Since the competition is over, I am really keen to get some more feedback on how I can improve aquascaping my planted tank. I am envious of the tanks that won!! Very well deserved winners!!









I guess there is a limit to the number of pictures that can be posted for each entrant. In any case, I thought i'd share my favourite pic that I entered to the competition. This particular one was ommitted from the gallery section thingy.. My tank the #6 in the gallery.


----------



## b3dlam (Feb 1, 2003)

hi everyone,

Since the competition is over, I am really keen to get some more feedback on how I can improve aquascaping my planted tank. I am envious of the tanks that won!! Very well deserved winners!!









I guess there is a limit to the number of pictures that can be posted for each entrant. In any case, I thought i'd share my favourite pic that I entered to the competition. This particular one was ommitted from the gallery section thingy.. My tank the #6 in the gallery.


----------



## ekim (Jan 31, 2004)

Your tank looks really good!
I still can't imagine the time it takes to up-keep a tank that size!

I love that picture.... did you print it?


----------



## gpodio (Feb 4, 2004)

First of all I'd like to ask how big this tank is. It looks huge!

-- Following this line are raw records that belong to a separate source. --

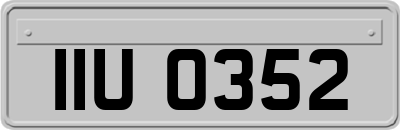 IIU0352
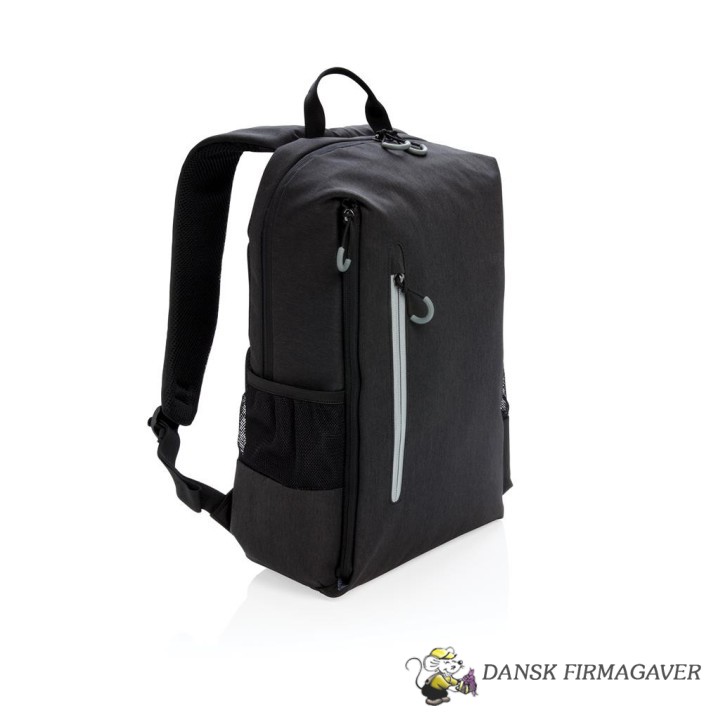 Lima 15" RFID & USB laptop rygsæk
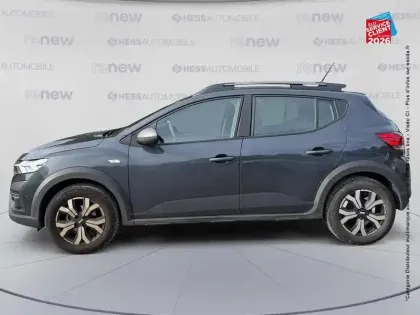 Photo 8 Dacia Sandero  1.0 ECO-G 100ch Stepway Expression +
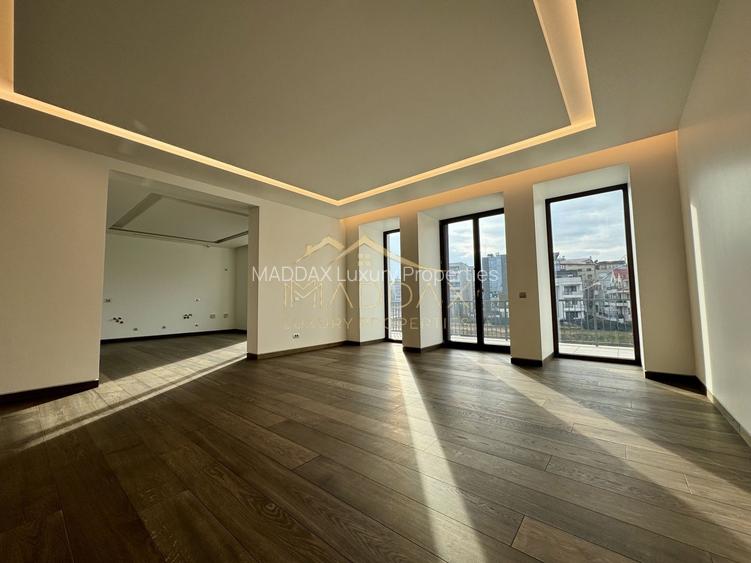 Penthouse cu 5 Camere *400mpc* / 67mp terasa / View 360 / Bd. Kiseleff - 13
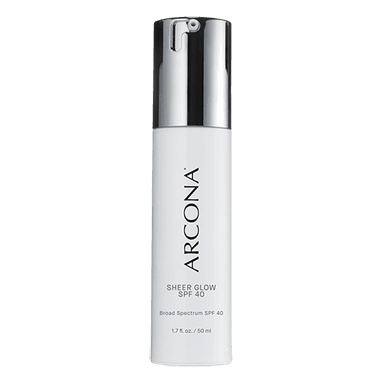 Sheer Glow SPF 40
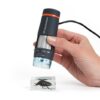 Mikroskop cyfrowy ręczny Celestron 10–40x -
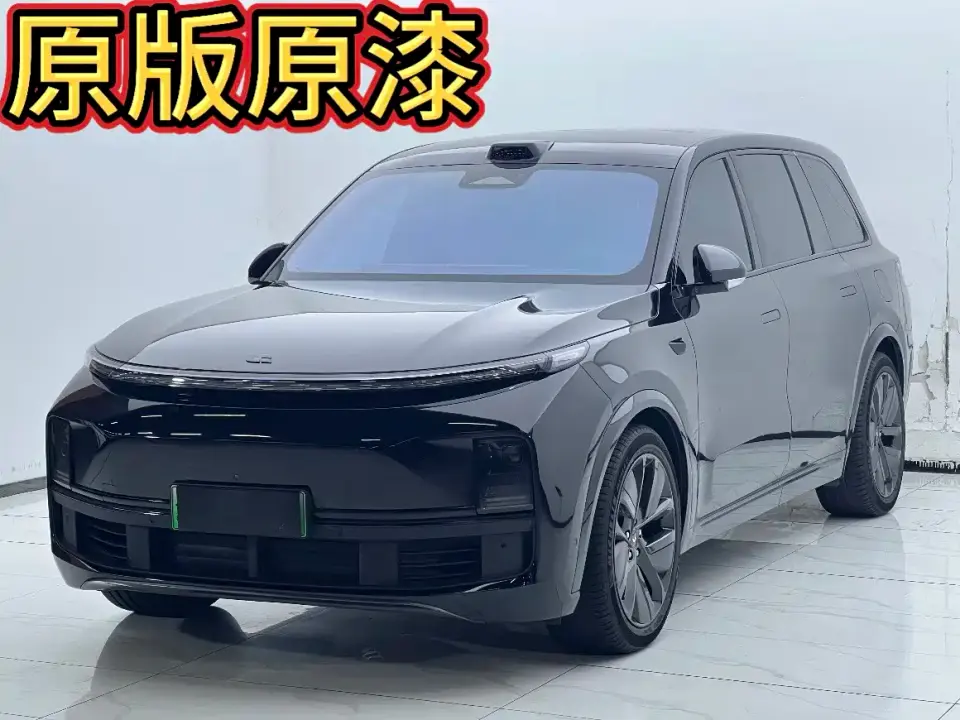 Li Auto Li Xiang L9 Max 2023
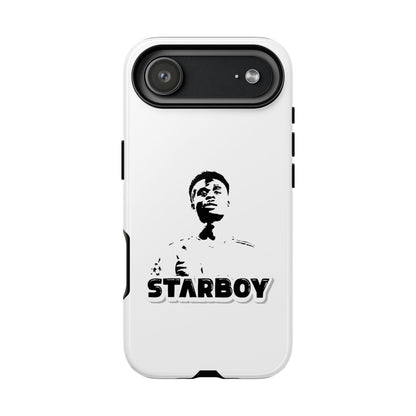 Coque iPhone/Samsung - Saka "Starboy" (Arsenal phone case)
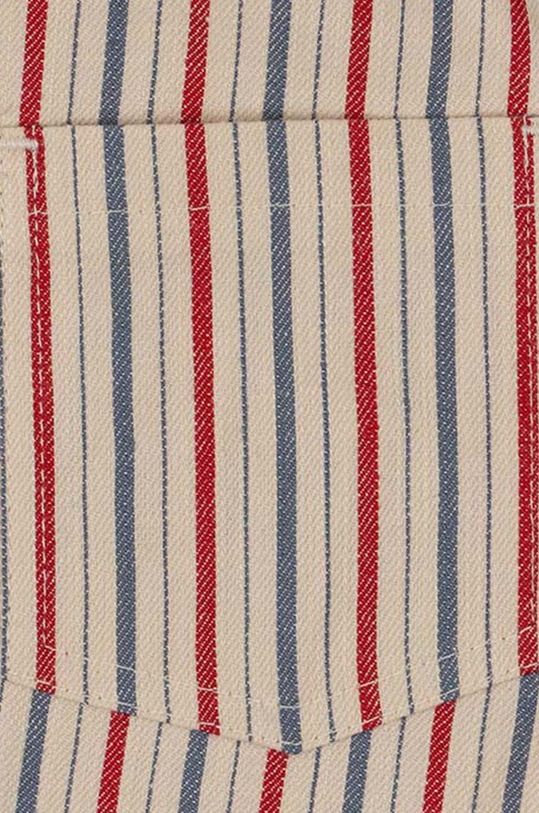 Konges Sløjd salopete din bumbac pentru copii KS100969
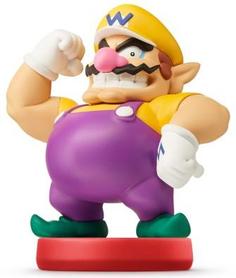 Amiibo: Интерактивная фигурка Варио (Wario) (Super Mario Collection) Nintendo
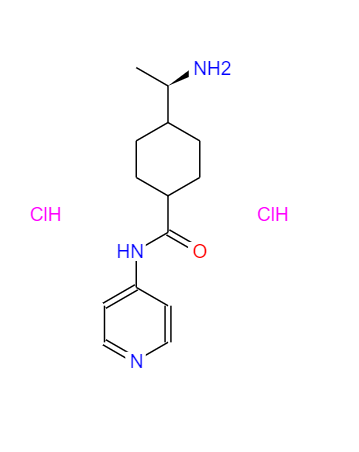 CAS：129830-38-2,Y27632 (hydrochloride)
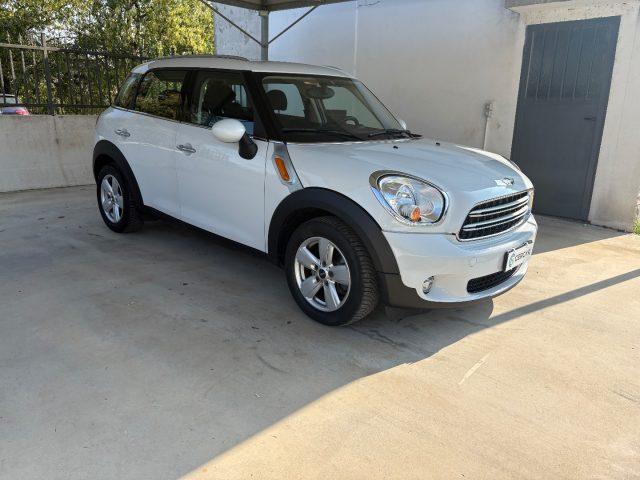 MINI Countryman Mini Cooper D Business Countryman Automatica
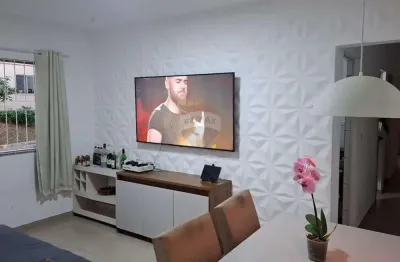 Apartamento para venda em vila lucy de 52.49m² com 2 quartos e 1 garagem
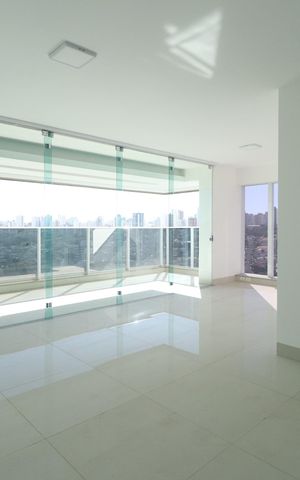Apartamento para alugar com 145m², 3 quartos e 2 vagasSala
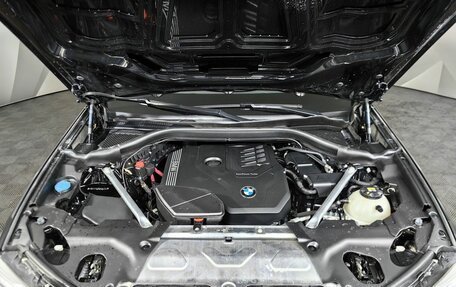 BMW X3, 2020 год, 4 400 000 рублей, 10 фотография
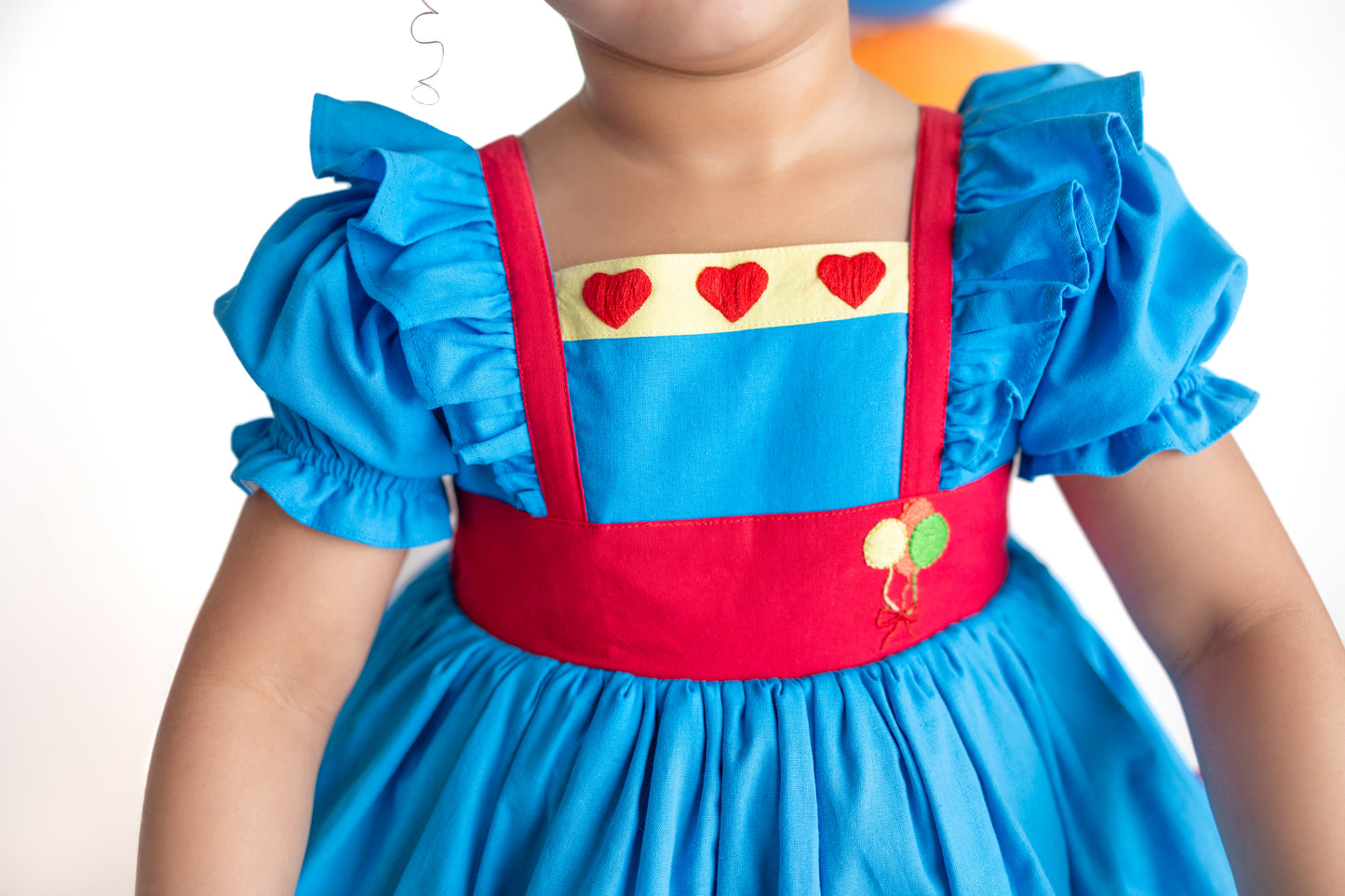 π Rainbow Party Dress RTS! π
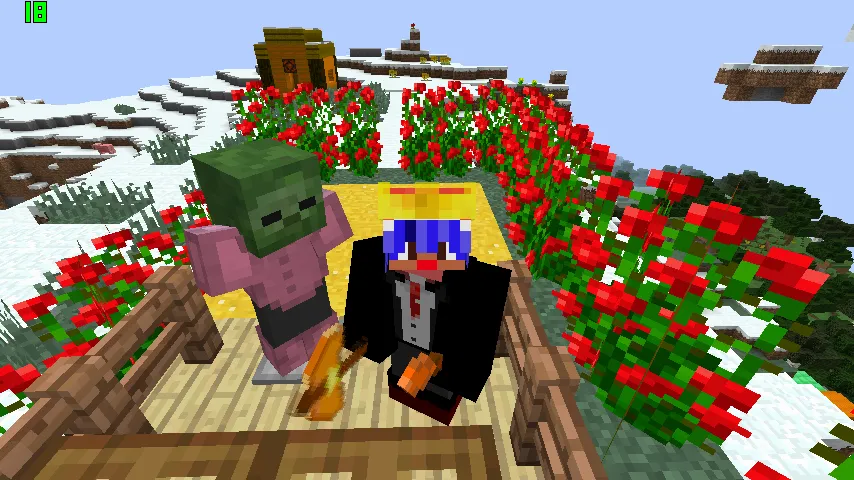 project-427559, Моды, Minecraft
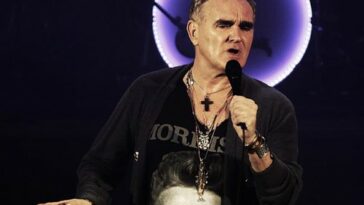 Morrissey se embarcará en la gira mundial 40 Years Of Morrissey - Music News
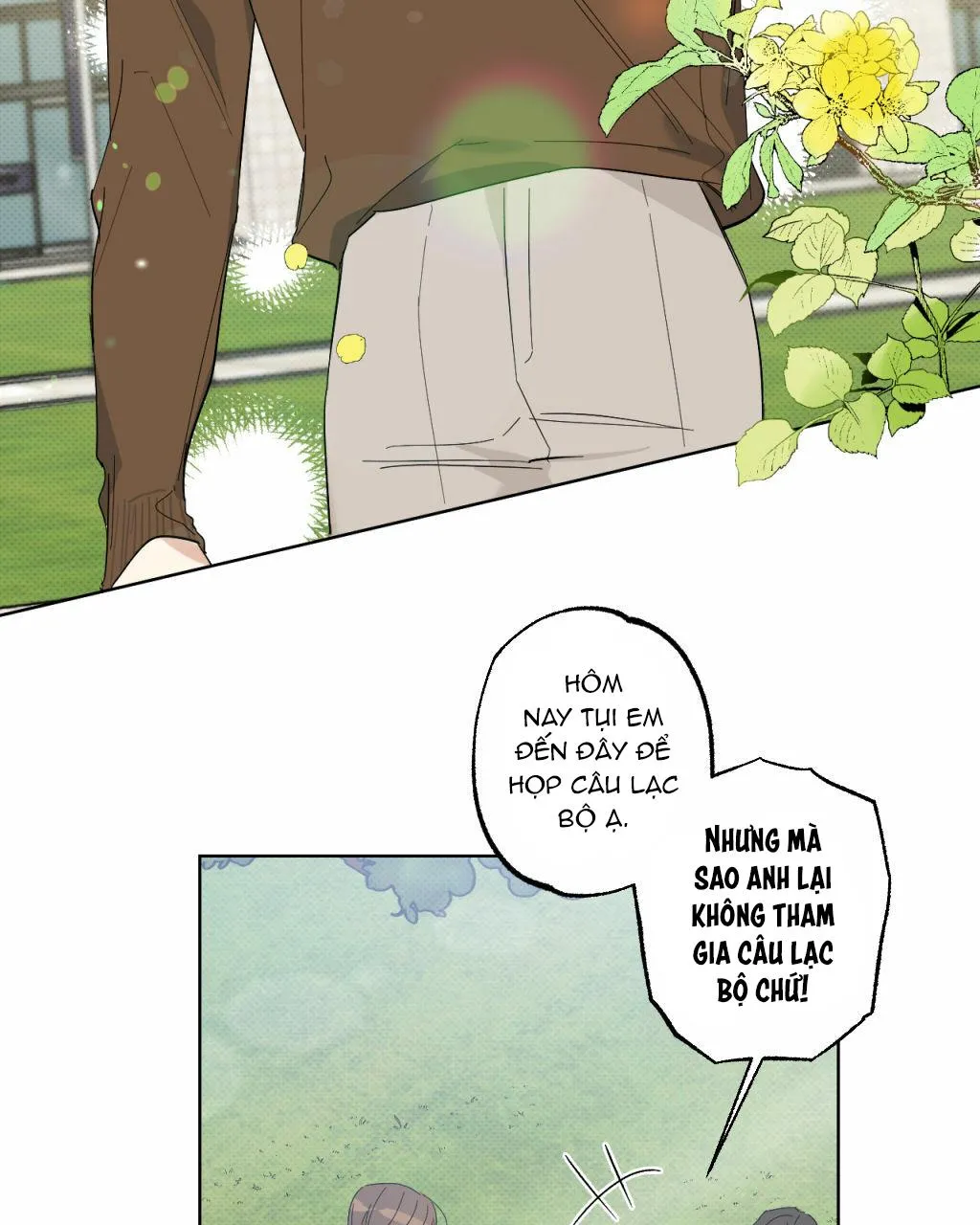 Cộng Sự Bán Thời Gian Chapter 17 Trang 48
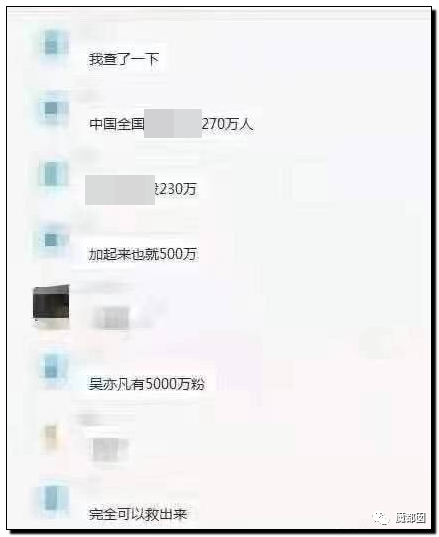 潘XX/林XX发声！吴亦凡疯狂饭圈扬言劫狱？国家忍无可忍（组图） - 87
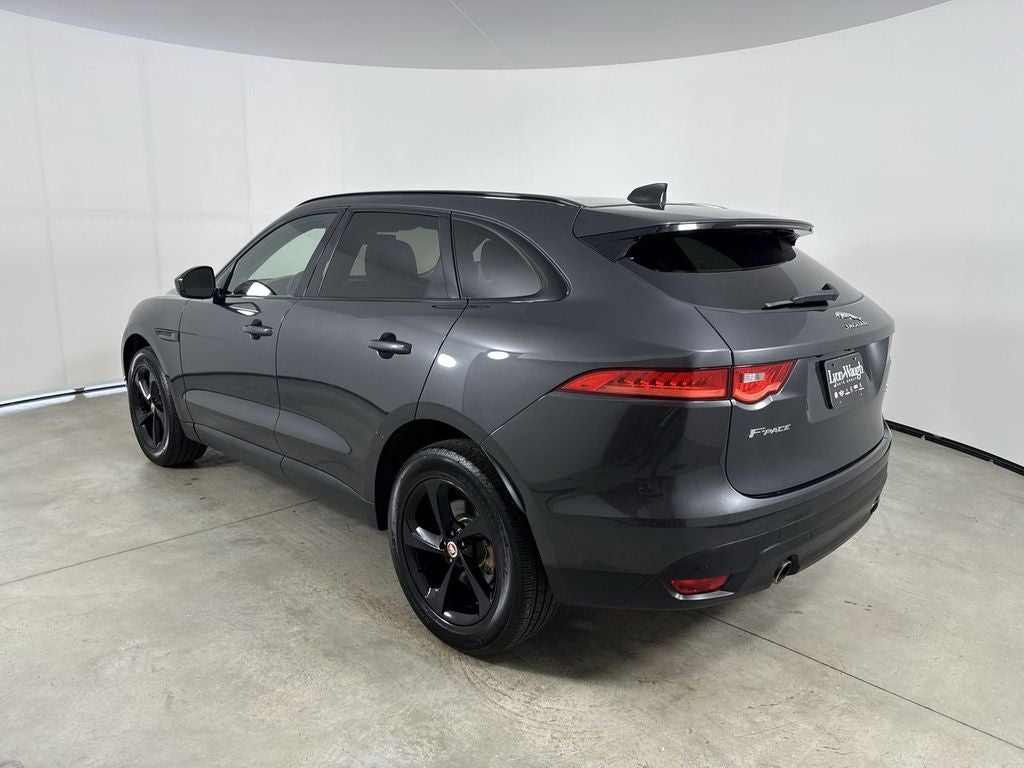 2020 Jaguar F-PACE 30t Premium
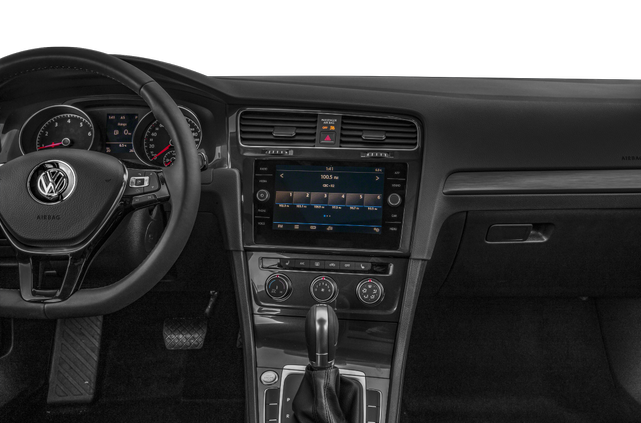 2018 Volkswagen Golf SportWagen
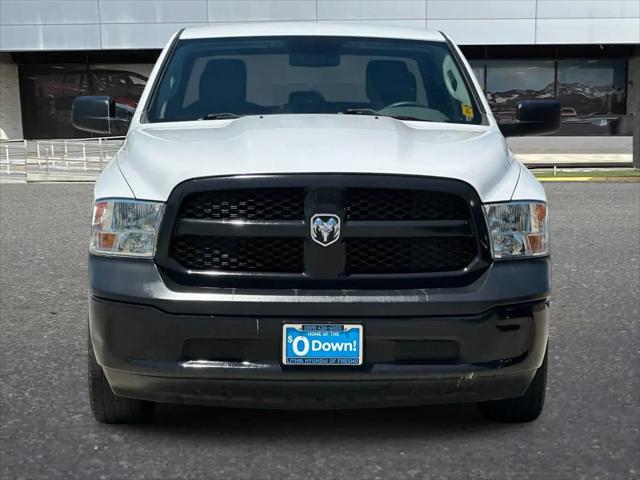 2019 Ram 1500 Classic Tradesman Quad Cab 4x2 6'4" Box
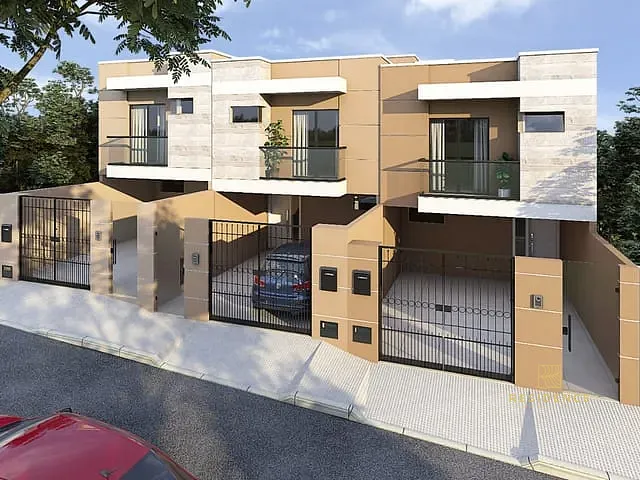 Casa 2 quartos e 2 banheiros, à venda, no bairro Santa Rosa em Barra Mansa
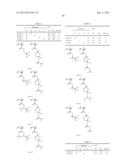 FLUORINATED MONOMER OF CYCLIC ACETAL STRUCTURE, POLYMER, RESIST PROTECTIVE     COATING COMPOSITION, RESIST COMPOSITION, AND PATTERNING PROCESS diagram and image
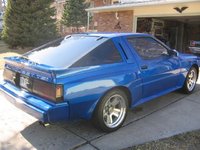1988 Chrysler Conquest Overview 1988 Chrysler Conquest Overview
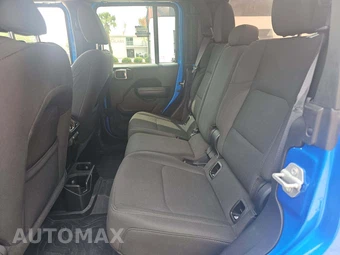 2021 Jeep Gladiator Sport S Edition Crew Cab Medium Bed - miniatura 10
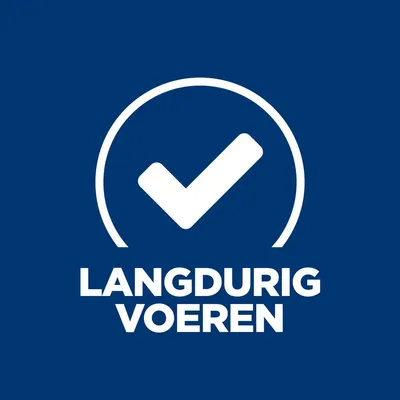 Langdurig voeren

I really like your aquascape, personally the only thing I would change is the hair grass in the front. Although it looks perfect in the photo you posted here, it doesn't look as good in the full tank view posted on the contest page. Perhpas instead of letting it cover the entire width of the tank you could let it grow in patches and give the other foreground areas a little more variety. I wouldn't touch the rest of it, I think it's definetly up there with the top tanks I have seen. I'd love to be able to "play" with such depth, I'm guessing my biggest tank is as large as yours is deep









Giancarlo Podio


----------